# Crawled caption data
>>
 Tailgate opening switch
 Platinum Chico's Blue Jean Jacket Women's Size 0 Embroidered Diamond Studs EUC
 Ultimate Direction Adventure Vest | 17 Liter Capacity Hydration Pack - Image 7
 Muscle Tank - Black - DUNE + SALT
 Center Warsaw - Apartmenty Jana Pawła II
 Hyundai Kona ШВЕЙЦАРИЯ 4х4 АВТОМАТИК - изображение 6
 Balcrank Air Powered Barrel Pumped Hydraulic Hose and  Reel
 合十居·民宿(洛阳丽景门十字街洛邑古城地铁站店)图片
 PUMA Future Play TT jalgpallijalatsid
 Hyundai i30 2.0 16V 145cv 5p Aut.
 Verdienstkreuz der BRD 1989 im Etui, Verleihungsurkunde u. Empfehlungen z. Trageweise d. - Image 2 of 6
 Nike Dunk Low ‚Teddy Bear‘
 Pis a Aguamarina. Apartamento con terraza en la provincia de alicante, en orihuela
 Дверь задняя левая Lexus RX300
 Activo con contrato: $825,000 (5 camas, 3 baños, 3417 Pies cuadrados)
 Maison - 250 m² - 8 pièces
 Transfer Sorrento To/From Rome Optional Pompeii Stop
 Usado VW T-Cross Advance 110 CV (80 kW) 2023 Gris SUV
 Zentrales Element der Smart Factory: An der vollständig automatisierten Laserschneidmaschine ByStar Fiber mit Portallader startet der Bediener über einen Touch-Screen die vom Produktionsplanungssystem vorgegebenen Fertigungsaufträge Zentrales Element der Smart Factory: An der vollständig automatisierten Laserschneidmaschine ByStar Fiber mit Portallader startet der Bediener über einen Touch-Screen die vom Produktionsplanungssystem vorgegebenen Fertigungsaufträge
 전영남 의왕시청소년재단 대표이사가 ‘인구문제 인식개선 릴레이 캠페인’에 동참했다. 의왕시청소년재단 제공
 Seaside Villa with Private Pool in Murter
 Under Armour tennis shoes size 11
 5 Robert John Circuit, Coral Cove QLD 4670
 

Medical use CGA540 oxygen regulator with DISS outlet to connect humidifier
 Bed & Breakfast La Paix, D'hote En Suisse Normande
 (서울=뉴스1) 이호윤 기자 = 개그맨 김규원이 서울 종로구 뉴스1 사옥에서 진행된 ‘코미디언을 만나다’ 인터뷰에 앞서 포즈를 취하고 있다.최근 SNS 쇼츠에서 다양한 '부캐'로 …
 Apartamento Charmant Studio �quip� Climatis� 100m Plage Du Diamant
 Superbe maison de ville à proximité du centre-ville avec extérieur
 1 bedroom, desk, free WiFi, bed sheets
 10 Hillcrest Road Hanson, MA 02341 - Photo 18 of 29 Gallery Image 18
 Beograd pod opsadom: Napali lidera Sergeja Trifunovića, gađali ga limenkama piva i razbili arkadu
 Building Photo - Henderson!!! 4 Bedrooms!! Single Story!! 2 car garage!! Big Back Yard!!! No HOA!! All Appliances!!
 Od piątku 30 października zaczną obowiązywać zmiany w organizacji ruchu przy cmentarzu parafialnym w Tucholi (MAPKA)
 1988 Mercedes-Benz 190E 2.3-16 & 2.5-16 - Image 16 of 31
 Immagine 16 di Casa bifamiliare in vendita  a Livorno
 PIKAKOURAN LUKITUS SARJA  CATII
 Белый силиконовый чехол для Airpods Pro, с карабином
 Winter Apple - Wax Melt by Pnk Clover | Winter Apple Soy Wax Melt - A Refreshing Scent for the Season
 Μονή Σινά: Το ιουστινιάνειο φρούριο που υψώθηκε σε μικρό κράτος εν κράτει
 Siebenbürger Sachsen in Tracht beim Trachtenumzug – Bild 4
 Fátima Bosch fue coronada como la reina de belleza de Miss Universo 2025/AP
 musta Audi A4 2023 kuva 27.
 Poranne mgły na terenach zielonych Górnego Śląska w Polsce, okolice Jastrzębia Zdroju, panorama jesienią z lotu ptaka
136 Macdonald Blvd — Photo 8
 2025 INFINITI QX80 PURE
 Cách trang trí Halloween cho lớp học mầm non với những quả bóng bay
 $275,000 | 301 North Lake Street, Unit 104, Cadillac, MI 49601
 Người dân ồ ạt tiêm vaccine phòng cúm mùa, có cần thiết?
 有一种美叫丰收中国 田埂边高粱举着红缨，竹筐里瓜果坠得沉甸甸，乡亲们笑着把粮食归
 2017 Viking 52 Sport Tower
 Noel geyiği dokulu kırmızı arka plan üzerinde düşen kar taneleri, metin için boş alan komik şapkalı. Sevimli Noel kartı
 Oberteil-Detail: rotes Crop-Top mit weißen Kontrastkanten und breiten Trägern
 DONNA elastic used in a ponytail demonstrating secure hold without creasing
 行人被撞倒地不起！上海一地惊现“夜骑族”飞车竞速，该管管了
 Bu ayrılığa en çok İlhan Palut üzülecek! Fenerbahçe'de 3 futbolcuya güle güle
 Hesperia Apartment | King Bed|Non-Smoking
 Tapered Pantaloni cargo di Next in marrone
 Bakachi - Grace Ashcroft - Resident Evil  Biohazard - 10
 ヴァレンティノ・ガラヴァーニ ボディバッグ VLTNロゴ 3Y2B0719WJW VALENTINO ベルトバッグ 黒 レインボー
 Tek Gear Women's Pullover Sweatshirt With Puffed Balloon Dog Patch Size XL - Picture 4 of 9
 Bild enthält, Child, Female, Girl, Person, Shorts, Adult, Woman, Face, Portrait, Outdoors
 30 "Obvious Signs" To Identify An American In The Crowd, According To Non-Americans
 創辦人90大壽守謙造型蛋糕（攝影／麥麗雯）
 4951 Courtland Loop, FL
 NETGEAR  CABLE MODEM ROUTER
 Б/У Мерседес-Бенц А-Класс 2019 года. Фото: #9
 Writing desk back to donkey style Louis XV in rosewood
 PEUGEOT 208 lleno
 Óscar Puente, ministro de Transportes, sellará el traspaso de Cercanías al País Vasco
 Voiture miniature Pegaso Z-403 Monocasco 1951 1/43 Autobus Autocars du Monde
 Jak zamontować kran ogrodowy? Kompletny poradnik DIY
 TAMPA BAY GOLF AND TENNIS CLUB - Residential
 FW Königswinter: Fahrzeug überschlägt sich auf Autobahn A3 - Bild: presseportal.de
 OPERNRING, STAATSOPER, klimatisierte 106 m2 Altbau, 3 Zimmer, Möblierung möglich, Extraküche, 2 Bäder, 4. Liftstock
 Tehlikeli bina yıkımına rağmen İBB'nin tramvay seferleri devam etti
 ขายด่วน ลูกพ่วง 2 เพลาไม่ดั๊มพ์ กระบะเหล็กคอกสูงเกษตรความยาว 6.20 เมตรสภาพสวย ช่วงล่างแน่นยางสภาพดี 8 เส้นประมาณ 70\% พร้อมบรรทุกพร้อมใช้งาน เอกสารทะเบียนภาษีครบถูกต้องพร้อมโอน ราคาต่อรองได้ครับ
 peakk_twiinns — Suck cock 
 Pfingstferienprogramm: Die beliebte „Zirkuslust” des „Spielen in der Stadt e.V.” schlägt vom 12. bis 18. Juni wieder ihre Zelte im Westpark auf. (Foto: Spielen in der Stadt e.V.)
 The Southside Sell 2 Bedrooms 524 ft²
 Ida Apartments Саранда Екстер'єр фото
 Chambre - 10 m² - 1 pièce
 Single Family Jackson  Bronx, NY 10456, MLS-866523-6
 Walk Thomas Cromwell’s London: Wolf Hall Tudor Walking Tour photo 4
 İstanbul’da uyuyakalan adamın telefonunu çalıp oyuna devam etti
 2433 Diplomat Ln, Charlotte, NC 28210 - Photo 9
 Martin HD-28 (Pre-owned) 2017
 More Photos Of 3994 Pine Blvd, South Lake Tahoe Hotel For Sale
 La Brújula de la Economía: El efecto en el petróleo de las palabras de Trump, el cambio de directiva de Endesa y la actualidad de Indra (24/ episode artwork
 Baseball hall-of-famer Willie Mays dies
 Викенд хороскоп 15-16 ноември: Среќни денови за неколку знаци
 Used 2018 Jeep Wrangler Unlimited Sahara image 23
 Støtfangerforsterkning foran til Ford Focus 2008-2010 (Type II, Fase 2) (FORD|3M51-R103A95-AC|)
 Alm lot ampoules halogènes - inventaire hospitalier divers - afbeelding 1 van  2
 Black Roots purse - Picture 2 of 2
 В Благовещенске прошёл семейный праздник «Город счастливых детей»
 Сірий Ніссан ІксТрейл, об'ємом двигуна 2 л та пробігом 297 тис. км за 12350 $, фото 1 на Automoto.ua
<<
# About this exercise
Your answer must consist only of the lines from the one containing "Støtfangerforsterkning foran til" through the last line of the data above, both included, exactly as written.

# Reply to the task
 Støtfangerforsterkning foran til Ford Focus 2008-2010 (Type II, Fase 2) (FORD|3M51-R103A95-AC|)
 Alm lot ampoules halogènes - inventaire hospitalier divers - afbeelding 1 van  2
 Black Roots purse - Picture 2 of 2
 В Благовещенске прошёл семейный праздник «Город счастливых детей»
 Сірий Ніссан ІксТрейл, об'ємом двигуна 2 л та пробігом 297 тис. км за 12350 $, фото 1 на Automoto.ua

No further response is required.